Его высочество положительно не мог обходиться без меня; я каждый день должен был с ним обедать и ужинать и охотно сознаюсь, что из всех монархов самые утонченные и изысканные блюда я отведал лишь у турецкого султана. Разумеется, я говорю только о кушаньях, потому что вино, как вам известно, запрещено поклонникам Магомета. Поэтому за парадными турецкими обедами вино никогда не подается. Зато после этого его высочество ждала обыкновенно в кабинете бутылочка отменного хорошего напитка, и он, удаляясь в свои апартаменты, часто приглашал меня дружеским жестом следовать за ним.

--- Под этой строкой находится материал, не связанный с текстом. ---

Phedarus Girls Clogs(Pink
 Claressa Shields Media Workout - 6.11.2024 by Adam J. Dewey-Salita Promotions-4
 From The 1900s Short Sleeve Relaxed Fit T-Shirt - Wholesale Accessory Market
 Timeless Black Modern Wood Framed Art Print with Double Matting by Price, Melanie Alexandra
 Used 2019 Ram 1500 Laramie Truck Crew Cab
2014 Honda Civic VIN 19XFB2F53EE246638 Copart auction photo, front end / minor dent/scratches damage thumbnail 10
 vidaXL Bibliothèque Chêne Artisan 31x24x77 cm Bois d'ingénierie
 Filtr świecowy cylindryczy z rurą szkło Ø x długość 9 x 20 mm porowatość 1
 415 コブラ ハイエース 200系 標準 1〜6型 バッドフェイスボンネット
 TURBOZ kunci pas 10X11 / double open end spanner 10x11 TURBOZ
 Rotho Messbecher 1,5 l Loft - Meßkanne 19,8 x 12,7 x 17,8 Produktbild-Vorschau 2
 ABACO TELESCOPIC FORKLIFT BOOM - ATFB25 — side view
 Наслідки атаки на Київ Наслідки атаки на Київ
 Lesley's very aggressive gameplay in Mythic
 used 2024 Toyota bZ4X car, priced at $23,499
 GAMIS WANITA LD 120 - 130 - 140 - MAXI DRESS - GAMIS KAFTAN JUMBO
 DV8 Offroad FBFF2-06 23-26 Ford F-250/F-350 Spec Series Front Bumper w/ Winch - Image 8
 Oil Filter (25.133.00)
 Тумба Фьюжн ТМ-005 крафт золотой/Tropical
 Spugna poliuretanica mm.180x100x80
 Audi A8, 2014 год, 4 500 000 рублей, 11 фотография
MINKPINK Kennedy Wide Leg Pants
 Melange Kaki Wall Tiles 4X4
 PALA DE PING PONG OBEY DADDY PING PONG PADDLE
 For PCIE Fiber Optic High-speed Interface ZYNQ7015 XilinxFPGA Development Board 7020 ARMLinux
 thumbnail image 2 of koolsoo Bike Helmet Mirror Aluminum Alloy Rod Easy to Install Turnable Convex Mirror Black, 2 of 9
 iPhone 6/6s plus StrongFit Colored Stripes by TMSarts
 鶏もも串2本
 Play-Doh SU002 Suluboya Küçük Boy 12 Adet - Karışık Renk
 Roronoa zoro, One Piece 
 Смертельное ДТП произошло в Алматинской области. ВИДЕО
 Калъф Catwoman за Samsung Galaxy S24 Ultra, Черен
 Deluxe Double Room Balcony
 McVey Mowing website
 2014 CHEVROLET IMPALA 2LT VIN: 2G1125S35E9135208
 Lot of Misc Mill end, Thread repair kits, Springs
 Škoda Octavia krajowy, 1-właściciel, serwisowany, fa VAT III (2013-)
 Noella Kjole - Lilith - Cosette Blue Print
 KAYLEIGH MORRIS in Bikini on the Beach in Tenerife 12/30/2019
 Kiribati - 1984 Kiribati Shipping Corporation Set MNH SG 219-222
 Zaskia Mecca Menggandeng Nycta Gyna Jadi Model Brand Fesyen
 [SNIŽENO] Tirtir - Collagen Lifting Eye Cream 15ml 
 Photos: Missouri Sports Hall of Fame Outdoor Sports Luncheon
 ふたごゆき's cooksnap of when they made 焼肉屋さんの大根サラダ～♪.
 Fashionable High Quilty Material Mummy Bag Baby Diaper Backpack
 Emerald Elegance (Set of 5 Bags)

Однажды, когда я шел с ним по такому приглашению, султан шепнул мне:
— Мюнхгаузен, сегодня мы отведаем что-то бесподобное! Я знаю, вы, христиане, понимаете толк в винах, и прошу вас сказать мне по совести, какого вы мнения о нем. Это последняя бутылочка токайского, которое я получил в подарок от одного венгерского магната. Ну, как вам нравится винцо? Ага?
— Да, ваше высочество, — сказал я, — это недурной сорт… действительно! Однако…
— Стойте, стойте, Мюнхгаузен! Не хвастайте! Или вы в самом деле хотите сказать, что пивали когда-нибудь вино лучше этого?
— Ваше высочество, мне не нужно уверять вас, что правда для меня дороже всего на свете, и потому я прошу смилостивиться, если я скажу, что в Вене, у покойного императора Карла Шестого, выпил не одну бутылку такого токайского, сравнительно с которым это вино кажется самой обыкновенной кислятиной.
— Ого, любезнейший! Это — настоящее токайское!
— Да, ваше высочество! Но так называемое токайское и настоящее токайское — это большая разница! Не желает ли ваше высочество побиться об заклад? Я берусь через час доставить прямо из императорского погреба бутылку токайского, которое понравится вам несравненно больше.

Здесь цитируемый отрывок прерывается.